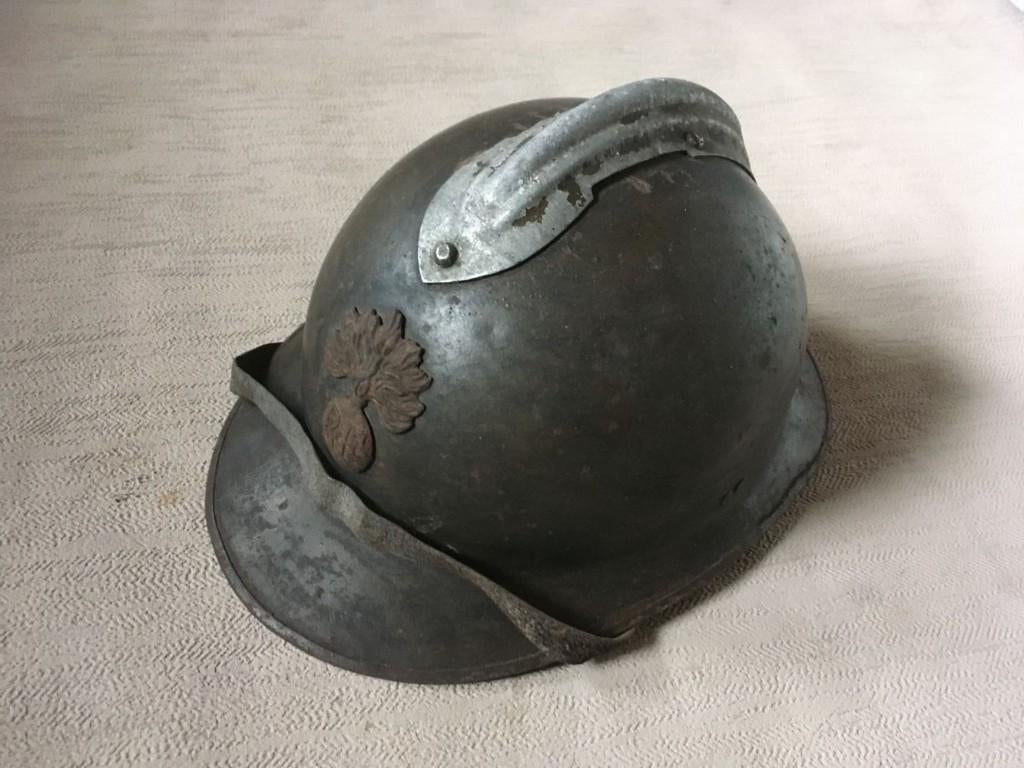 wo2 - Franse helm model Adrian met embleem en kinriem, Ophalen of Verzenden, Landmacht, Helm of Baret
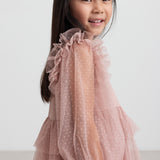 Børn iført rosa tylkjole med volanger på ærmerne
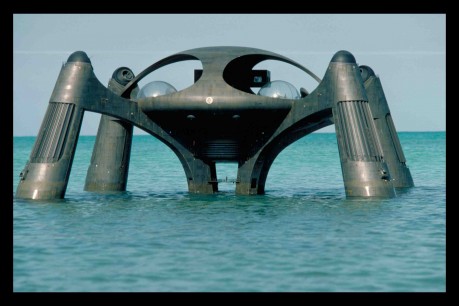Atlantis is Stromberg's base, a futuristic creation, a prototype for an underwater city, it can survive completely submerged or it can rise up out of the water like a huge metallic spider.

PROMPT >>
Word for word, reproduce the listing above; no image should be carried over.

WRITTEN SOLUTION >>
 wo2 - Franse helm model Adrian met embleem en kinriem, Ophalen of Verzenden, Landmacht, Helm of Baret
 Børn iført rosa tylkjole med volanger på ærmerne
Atlantis is Stromberg's base, a futuristic creation, a prototype for an underwater city, it can survive completely submerged or it can rise up out of the water like a huge metallic spider.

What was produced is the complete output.